Azerbaijani artist Rashad Alakbarov uses the shadows & reflections created by ordinary household & decorative objects to orchestrate fantastically detailed cityscapes.
Painting with light, Alakbarov's precise arrangements of translucent objects, suspended & backlit, create meticulously choreographed landscapes & portraits.
Sanford Biggers' installation, The Cartographer's Conundrum, now on view at Mass MoCA, uses translucence & light to a different effect.
Inspired by the art of his late cousin John Biggers & Afro-futurism, Sanford Bigger's piece incorporates different elements to create a rich & complex dialogue: a mystical mural by the elder Biggers, floor tiles arranged as reference to the sacred geometry upheld in African & Egyptian societies, musical instruments, & reflective & translucent objects. The ever-shifting light that bounces off mirrored stars strewn about the room & streams through colorful "stained glass" window panels, & through church pews which become luminously hued & translucent as they lift off the ground & lay swaths of color on the floor, gives one the transcendent feeling of having stepped into an other-wordly cathedral dedicated to a rich & many-faceted history.
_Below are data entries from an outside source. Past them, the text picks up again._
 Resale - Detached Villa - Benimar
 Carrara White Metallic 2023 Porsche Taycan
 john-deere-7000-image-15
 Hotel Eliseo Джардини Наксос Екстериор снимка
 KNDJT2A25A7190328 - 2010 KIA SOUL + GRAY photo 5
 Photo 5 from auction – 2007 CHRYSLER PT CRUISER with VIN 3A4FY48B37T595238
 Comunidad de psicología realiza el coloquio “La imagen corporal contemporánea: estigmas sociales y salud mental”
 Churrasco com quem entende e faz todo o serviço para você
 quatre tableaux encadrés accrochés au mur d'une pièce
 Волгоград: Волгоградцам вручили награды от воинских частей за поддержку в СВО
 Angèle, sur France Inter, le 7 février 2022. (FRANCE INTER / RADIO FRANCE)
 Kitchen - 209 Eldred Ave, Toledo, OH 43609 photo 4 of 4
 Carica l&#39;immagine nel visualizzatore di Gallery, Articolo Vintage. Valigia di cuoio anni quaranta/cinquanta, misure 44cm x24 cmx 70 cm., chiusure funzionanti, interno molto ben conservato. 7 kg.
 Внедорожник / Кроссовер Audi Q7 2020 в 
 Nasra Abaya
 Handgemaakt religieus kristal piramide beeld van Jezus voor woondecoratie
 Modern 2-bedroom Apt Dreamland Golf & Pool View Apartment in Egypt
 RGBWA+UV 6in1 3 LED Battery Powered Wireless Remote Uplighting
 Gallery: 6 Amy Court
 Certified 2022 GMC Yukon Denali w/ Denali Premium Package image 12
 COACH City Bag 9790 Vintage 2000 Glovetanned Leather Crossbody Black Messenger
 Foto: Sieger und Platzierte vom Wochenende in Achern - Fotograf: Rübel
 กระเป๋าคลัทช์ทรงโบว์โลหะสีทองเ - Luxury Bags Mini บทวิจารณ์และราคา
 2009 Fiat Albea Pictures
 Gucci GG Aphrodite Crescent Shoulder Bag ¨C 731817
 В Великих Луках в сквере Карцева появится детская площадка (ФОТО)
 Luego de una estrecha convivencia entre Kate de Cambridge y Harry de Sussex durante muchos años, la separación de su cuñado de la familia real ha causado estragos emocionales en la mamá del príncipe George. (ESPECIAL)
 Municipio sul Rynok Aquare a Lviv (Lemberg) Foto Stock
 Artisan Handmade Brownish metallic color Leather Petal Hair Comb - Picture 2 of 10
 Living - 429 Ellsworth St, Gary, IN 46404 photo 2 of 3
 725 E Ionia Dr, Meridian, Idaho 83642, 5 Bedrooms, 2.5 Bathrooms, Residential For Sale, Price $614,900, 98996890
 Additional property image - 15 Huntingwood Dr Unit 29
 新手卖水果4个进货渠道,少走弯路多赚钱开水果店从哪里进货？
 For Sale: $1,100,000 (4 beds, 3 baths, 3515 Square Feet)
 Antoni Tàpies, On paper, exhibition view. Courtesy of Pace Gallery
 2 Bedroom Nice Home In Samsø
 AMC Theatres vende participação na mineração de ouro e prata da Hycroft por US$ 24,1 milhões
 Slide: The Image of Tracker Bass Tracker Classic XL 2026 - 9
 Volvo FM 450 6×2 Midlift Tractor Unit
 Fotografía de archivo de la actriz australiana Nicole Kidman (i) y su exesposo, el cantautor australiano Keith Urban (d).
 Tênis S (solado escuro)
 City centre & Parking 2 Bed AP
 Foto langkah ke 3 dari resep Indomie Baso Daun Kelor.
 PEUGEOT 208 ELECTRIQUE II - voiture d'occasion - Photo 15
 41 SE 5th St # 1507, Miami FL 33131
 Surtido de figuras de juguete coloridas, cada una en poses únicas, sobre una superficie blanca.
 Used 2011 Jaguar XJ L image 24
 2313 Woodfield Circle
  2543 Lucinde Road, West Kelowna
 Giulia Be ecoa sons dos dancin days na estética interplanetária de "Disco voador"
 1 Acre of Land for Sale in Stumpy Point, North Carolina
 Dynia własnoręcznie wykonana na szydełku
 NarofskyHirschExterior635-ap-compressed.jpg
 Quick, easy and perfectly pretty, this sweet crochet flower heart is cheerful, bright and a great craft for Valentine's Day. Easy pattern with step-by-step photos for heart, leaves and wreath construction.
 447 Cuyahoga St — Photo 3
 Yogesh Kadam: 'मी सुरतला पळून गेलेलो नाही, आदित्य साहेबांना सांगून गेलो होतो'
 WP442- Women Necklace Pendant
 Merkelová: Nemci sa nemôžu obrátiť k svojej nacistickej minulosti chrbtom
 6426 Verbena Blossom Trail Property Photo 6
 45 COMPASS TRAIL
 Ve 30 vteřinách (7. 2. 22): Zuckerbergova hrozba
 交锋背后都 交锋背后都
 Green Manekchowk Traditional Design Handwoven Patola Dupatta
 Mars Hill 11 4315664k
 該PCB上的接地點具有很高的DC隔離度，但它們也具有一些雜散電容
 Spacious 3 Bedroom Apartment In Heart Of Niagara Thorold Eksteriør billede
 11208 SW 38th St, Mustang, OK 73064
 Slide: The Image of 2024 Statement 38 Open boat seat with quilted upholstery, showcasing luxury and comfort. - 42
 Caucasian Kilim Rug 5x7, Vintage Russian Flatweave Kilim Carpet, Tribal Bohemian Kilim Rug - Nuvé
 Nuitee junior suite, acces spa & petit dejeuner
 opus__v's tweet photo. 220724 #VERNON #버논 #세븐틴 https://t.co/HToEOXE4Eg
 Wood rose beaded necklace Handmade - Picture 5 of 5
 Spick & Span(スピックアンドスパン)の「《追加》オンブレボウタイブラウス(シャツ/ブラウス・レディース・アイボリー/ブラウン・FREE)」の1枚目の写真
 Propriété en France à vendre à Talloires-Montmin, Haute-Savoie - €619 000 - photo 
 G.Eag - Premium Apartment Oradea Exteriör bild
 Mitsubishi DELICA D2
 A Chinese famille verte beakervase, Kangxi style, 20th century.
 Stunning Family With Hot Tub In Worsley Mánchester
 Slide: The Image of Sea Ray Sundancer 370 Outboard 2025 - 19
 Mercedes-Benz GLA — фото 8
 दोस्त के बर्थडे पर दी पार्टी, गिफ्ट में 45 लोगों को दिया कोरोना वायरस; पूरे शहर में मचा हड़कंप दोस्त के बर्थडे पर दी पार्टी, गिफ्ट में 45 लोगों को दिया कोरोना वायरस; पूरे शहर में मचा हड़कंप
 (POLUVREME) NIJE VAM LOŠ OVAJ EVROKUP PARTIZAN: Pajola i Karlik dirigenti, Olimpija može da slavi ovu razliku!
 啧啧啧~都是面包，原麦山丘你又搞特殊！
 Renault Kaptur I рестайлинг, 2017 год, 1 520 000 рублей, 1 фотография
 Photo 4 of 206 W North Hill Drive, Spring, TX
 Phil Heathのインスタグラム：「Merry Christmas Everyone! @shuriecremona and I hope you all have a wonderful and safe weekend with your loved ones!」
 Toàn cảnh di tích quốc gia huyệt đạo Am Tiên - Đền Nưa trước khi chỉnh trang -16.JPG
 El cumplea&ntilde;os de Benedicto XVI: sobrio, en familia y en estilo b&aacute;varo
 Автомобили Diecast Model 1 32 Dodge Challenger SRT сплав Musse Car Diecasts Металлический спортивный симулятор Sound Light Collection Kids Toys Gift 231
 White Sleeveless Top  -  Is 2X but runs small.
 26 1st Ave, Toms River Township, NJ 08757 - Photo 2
We attended Biggers' opening at the museum, arriving early enough to sit & take in the changing light as the sun slowly set, taking photos of the room as it slowly filled with guests & patrons.
According to Biggers:
The thing about it is, the way this is set up, different things happen during different weather conditions, so you’ll never see the same show twice. You know, the reflections, the shadows, the light, the pacing of all of that changes daily.